The shift from Indonesia to Singapore shows an emerging story about market performance and how investors are positioning capital in the current environment.
What’s Happening in the Markets
Stock markets tend to reflect the rhythm of global economic conditions, and Singapore’s Straits Times Index (STI) is no exception. It recently climbed to a record high as geopolitical volatility sparked by the war in Iran pushed investors to seek defensive havens. Singapore stocks are also set to outperform their Indonesian peers by the largest margin on record in 2026.
Indonesian markets, by contrast, have moved in the opposite direction, with total market capitalization of listed companies falling more than 30% from a January peak to about US$618 billion. More recently, investor sentiment has come under pressure amid concerns over a potential market reclassification and a series of negative credit rating outlooks.
Inside Indonesia’s Market: Past Appeal and Current Challenges
According to McKinsey data, Indonesia closed 2025 on a strong footing, with GDP growth accelerating to 5.39% in the fourth quarter, its fastest growth in recent years. However, both the currency and equity markets are now facing pressure amid concerns over fiscal spending plans, market transparency, and central bank independence.
Together, these factors have weighed on investor activity and contributed to a contraction in stock market turnover. This year alone, global investors have withdrawn more than US$4 billion from emerging Southeast Asian equities, with Indonesia accounting for over half of the total, according to Bloomberg data. A future revival remains possible as Indonesia’s government pushes for broader reforms, but for now, the market contrast leaves Singapore as the clearer choice for investors seeking stability.
The Rise of an Investor Safe Haven in Singapore
Singapore’s political and economic stability, strong currency, and transparent financial system are all building blocks of its current status as an investor haven.
Government-led initiatives, including the equity market development program launched this year, have supported liquidity and investor participation. Regulatory reforms aimed at improving domestic liquidity and broadening research coverage of under-covered stocks have also contributed to increased market activity and firmer investor sentiment.
What’s Next for Southeast Asian Markets
The global economy has entered a period of higher interest rates, geopolitical uncertainty, and volatile capital flows.
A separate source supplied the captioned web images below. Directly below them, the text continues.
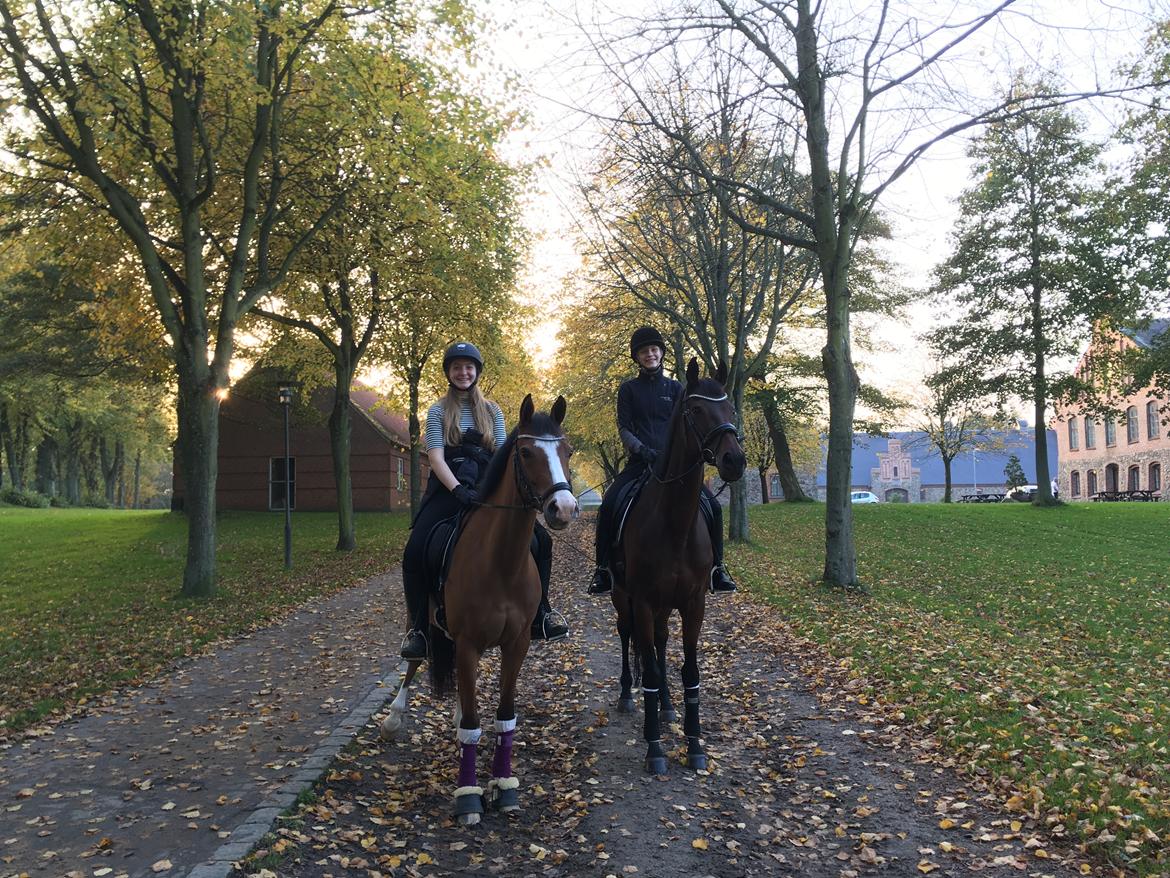 Fuldblod (XX) Madame de Jour XX (den) (Smilla) billede 17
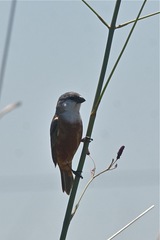 Sporophila palustris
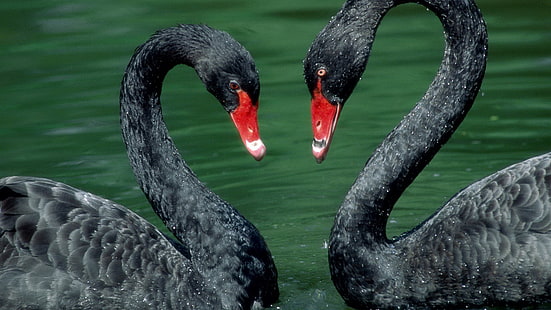 Schönes Paar Black Swans Desktop Wallpaper Hd für Handys und Laptops, HD-Hintergrundbild HD wallpaper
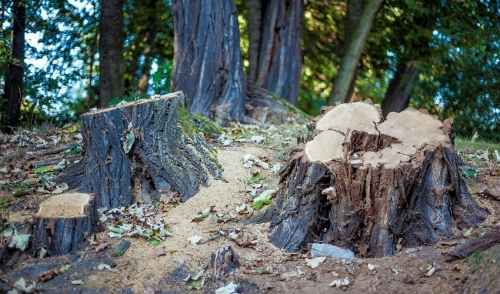 Three Steps To Getting Out That Pesky Stump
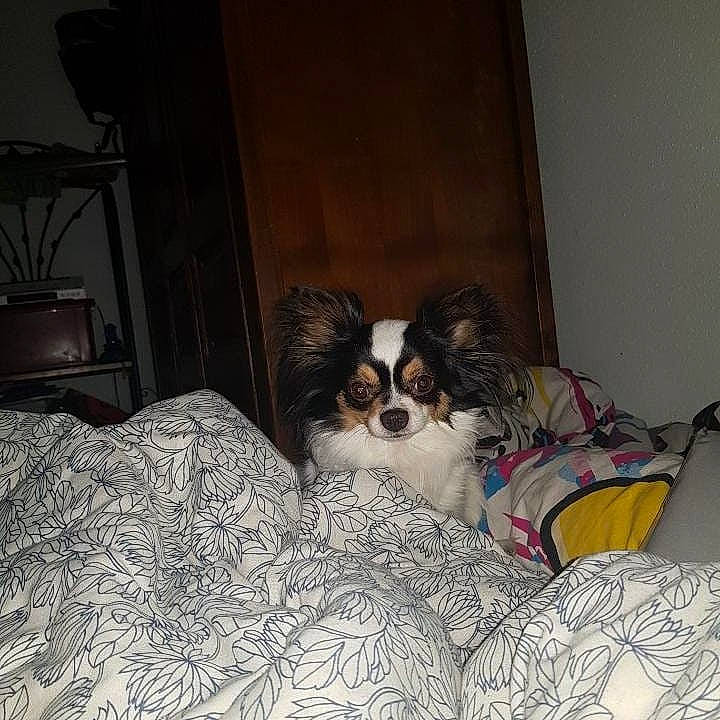 Jingle a rejoint le concours — aidez-le/la à gagner de superbes lots ! bed, canidae, carnivore, cavalier_king_charles_spaniel, companion_dog, dog, dog_breed, kooikerhondje, mammal, papillon, phalene, puppy, spaniel, sporting_group, toy_dog, vertebrate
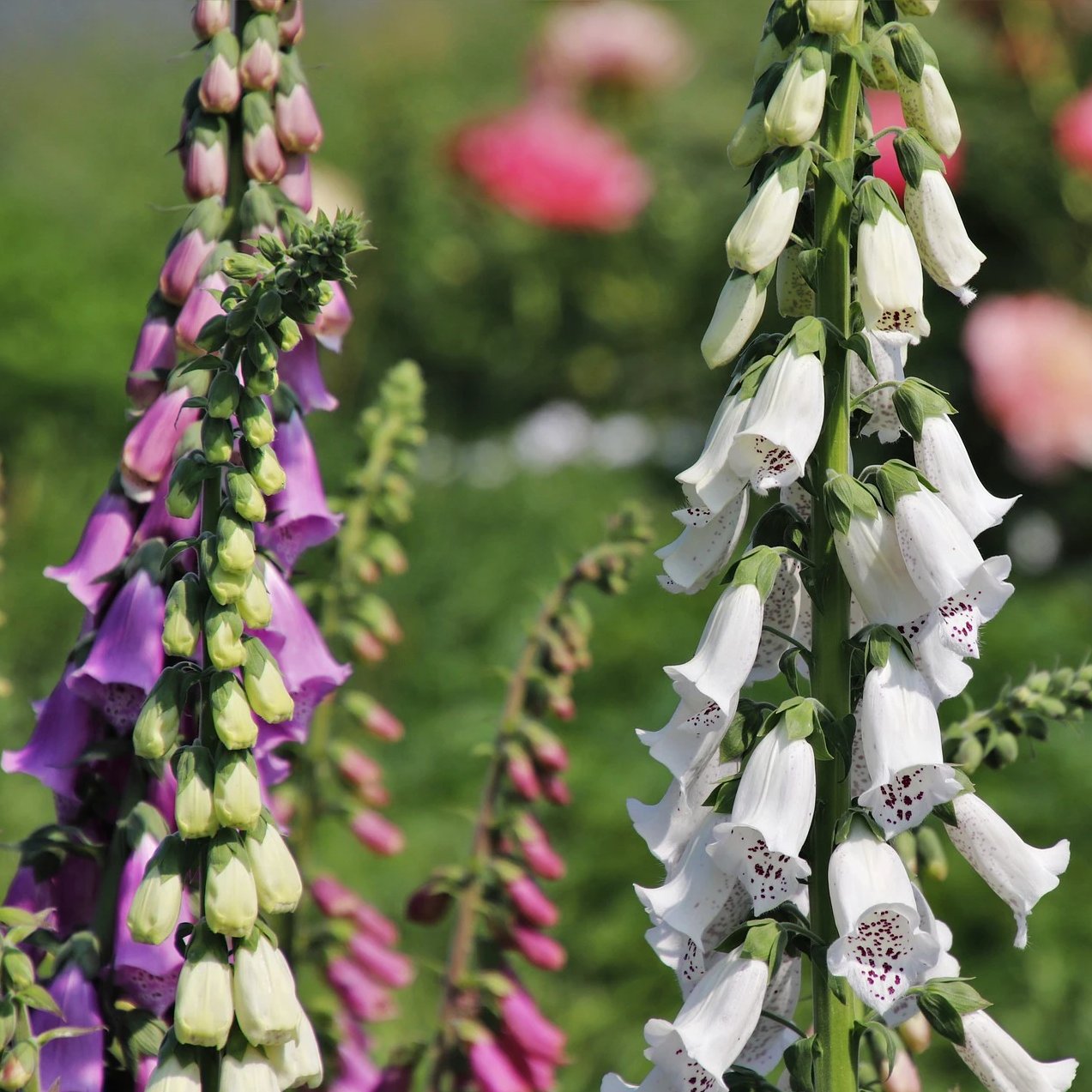 Foxglove Seeds - Excelsior Mix - Sow True Seed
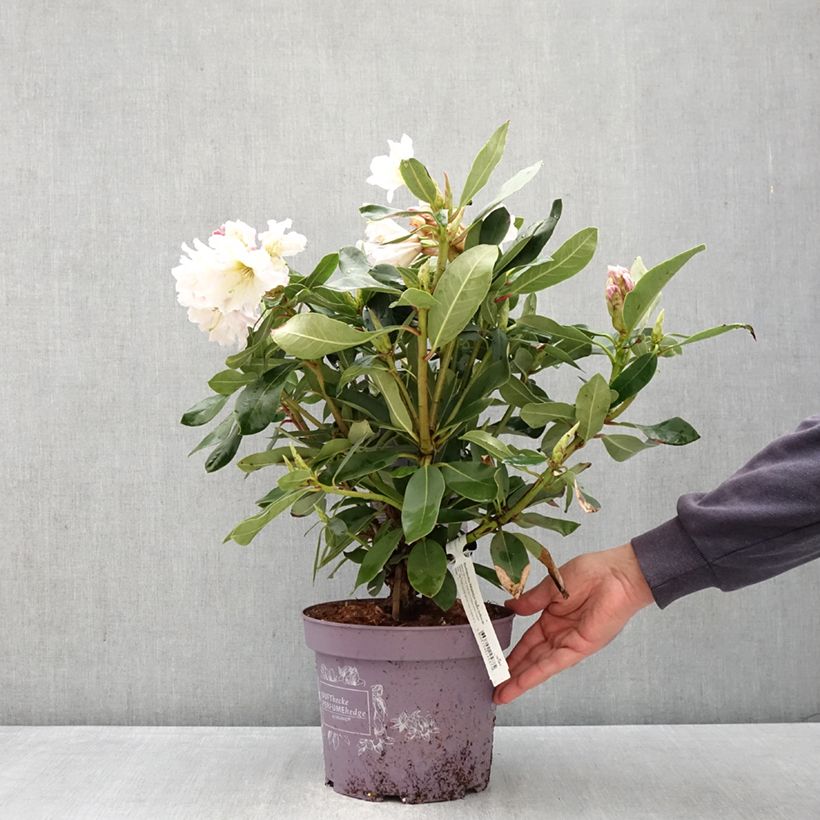 Exemplaar van Rhododendron INKARHO Weiße Dufthecke - Grootbloemige rododendron Pot van 4 l/5 l zoals geleverd in de lente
In response, investors are favoring predictability and capital preservation.
In the near term, investor attention in Indonesia turns to MSCI’s June review, where the index compiler will assess the country’s emerging market status. Meanwhile, Singapore’s market continues to reinforce its role as a leading financial hub in the region.
More broadly, emerging markets in Southeast Asia may face increasing pressure to strengthen governance and transparency, reduce perceived investment risk, and maintain foreign capital inflows. Singapore’s current position shows how much investors are willing to reward markets that offer stability, credibility, and policy consistency.